**Work task**: Below is a listing with pictures. Repeat exactly the lines starting at the one holding "12.46 Acre prime" and going on through the one holding "BLUME - BLUME", and leave every picture out.

**Record extracts**:
Segment Open

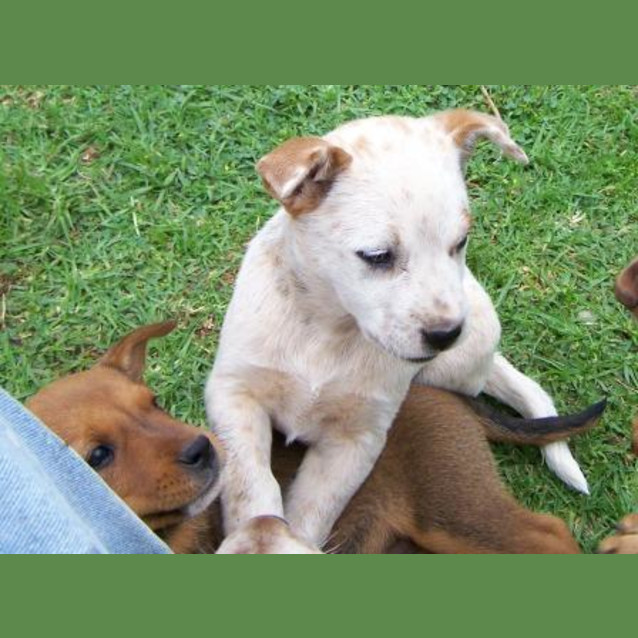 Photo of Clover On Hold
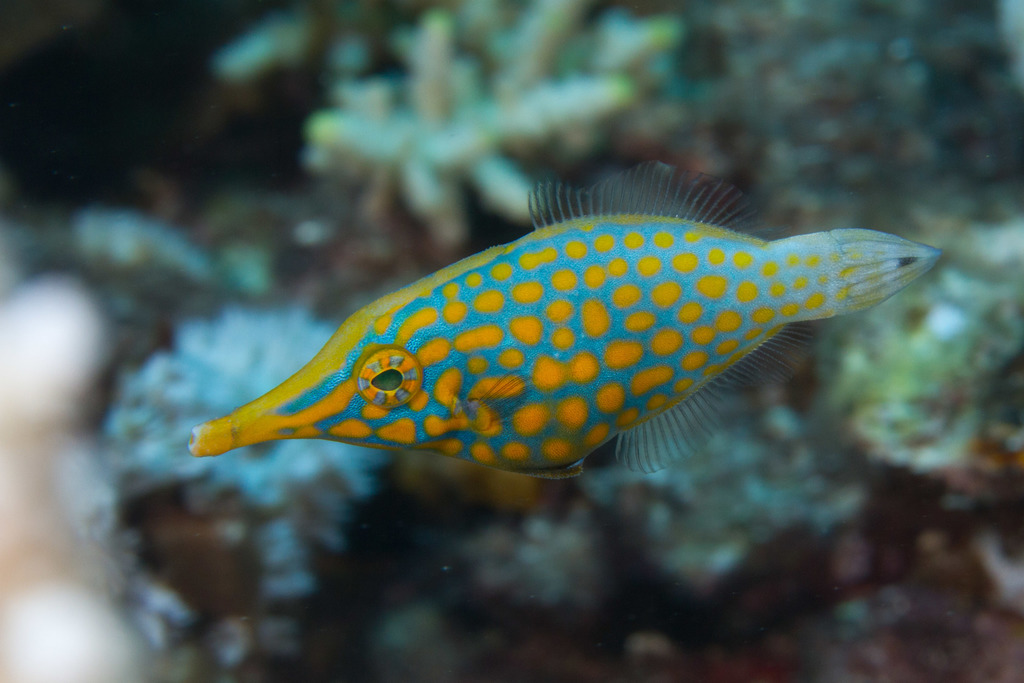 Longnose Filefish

Segment Closed
Segment Open

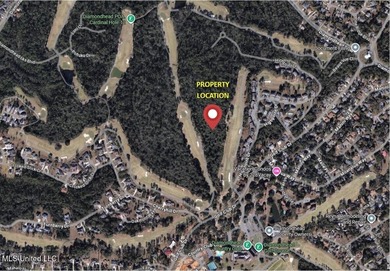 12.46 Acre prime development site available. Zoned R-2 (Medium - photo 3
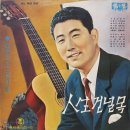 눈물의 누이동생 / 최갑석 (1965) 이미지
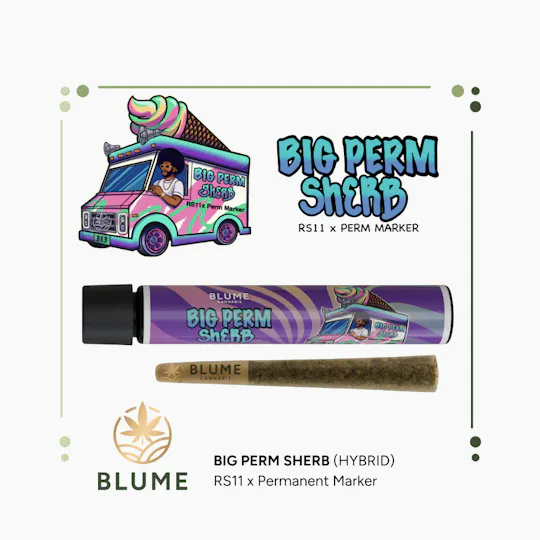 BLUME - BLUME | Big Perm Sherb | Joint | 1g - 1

Segment Closed

**Answer area**:
 12.46 Acre prime development site available. Zoned R-2 (Medium - photo 3
 눈물의 누이동생 / 최갑석 (1965) 이미지
 BLUME - BLUME | Big Perm Sherb | Joint | 1g - 1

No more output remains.